Note de PhG-Bis : « PhG n’a jamais dissimulé sa conviction que l’époque présente s’appuie sur deux puissances considérables : le système du technologisme et le système de la communication. Mais il juge que le système du technologisme a atteint son Principe de Peter et qu’il est aujourd’hui, dans un formidable embrouillamini de diverses formes antagonistes en pleine expansion comme autant de rhizomes à-la-Deleuze, dans l’entraînement d’une chute vertigineuse qui le vide de sa puissance proclamée lorsqu’il se trouva au sommet de son aventure... »
Voyez-vous, moi ce qui m’inquiète pour leur cas, c’est donc bien la communication plutôt que la technologie pour mener à bien le programme transhumaniste. La communication, véritable Janus et faux-jeton de première, se tient avec sa capacité de répandre à une hyper-vitesse les simulacres que les “petits-hommes” de Davos (des ‘réplicants’ du “dernier homme” nietzschéens) se montent pour la vérité de demain, engendrant les erreurs de programmation, les entrelacs et mélanges labyrinthiques des technologies en tous sens, des collisions frontales et sans pitié, des ‘blockbusters’ du type hollywoodien en délire catastrophique... Et tout cela risquant de nous conduire ; sinon nous conduisant à coup sûr à un hyper-super-chaos qui, lui et pour le coup, sera véritablement transhumaniste et caricature de transhumains en transformant nos sublimes élites-globalistes homo-Deus et Bon Dieu de fer-blanc, en sans-abri des pentes neigeuses de Davos et en marchands de tapis-volants proclamant, comme un ‘Vol au-dessus d’un nid de coucous’ : “Je suis Dieu, nom de Dieu, mais partout l’on me répond : ‘Dieu est mort’ !”
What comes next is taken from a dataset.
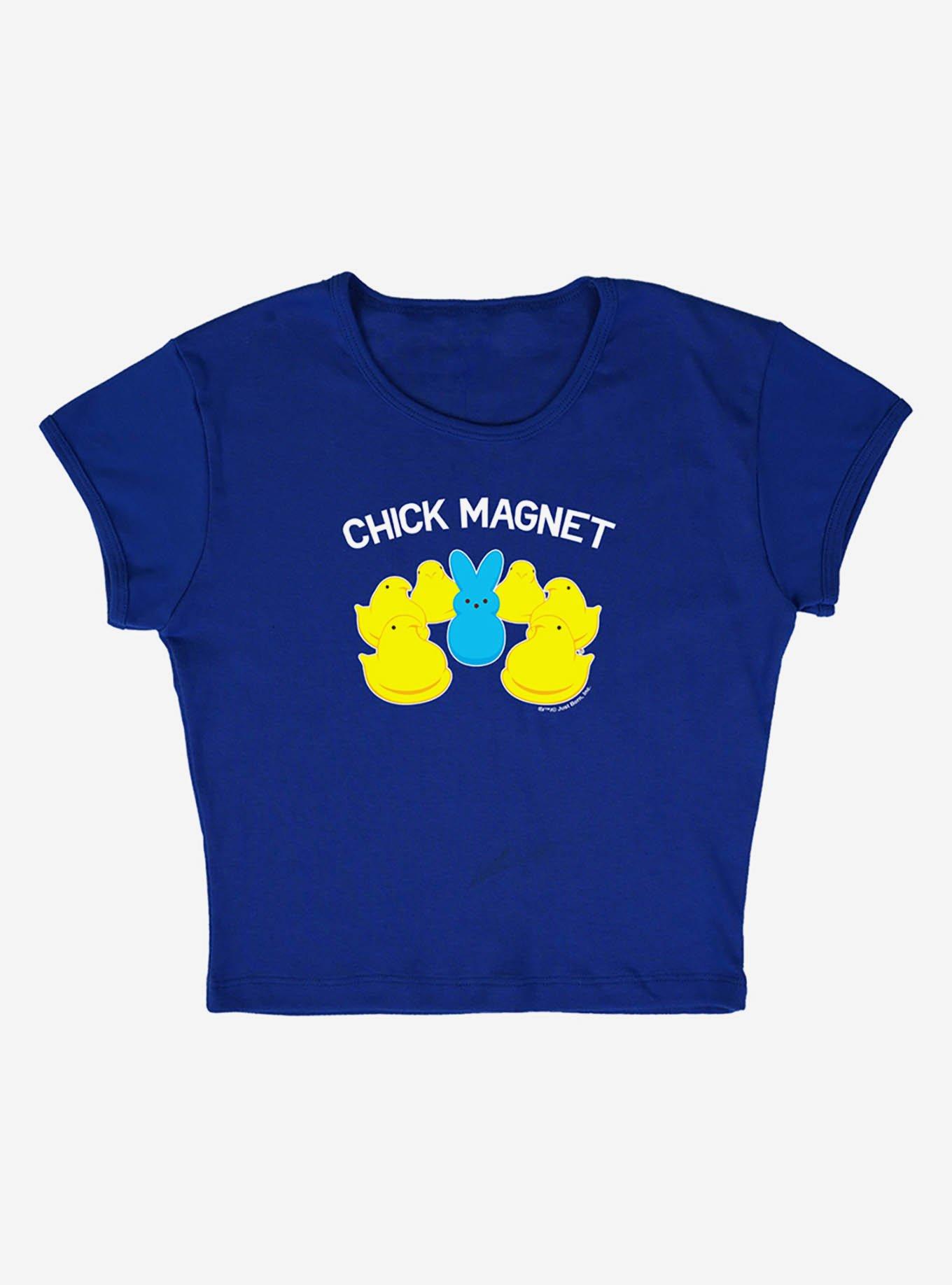 Peeps Easter Chick Magnet Bunny Baby Rib Womens Crop Top, BLUE, alternate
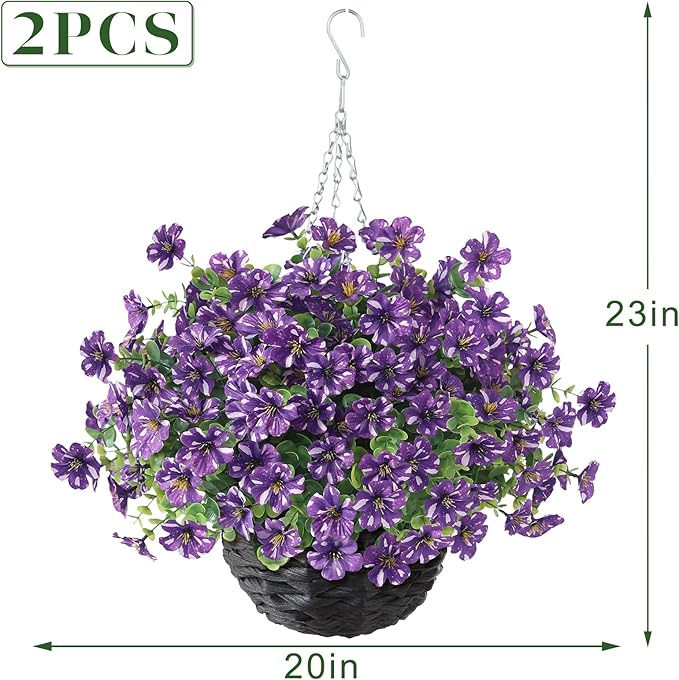GLIDLION Artificial Flower & Eucalyptus with Hanging Basket - 2PCS Faux UV Sun Resistant Morning Glory in Planter, Fake Colorful Silk Flowers for Spring Summer Porch Patio Balcony Yard Decor (Purple)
... Seul Céline, brave cœur, leur donnera un tout petit peu d’espoir avec son « Dieu est en réparation » écrit en exergue du ‘Voyage...’. Mais cela ne durera pas, cet espoir-là, – Louis-Ferdinand, mauvais mécanicien, en ricanait à l’avance, – et, au bout de cette attente, nous serons parvenus au terme du cycle identifié par Guénon. Alors, le transhumanisme sera jeté dans la même fosse commune, sorte de caveau familial prévu pour le ‘Kali Yuga’.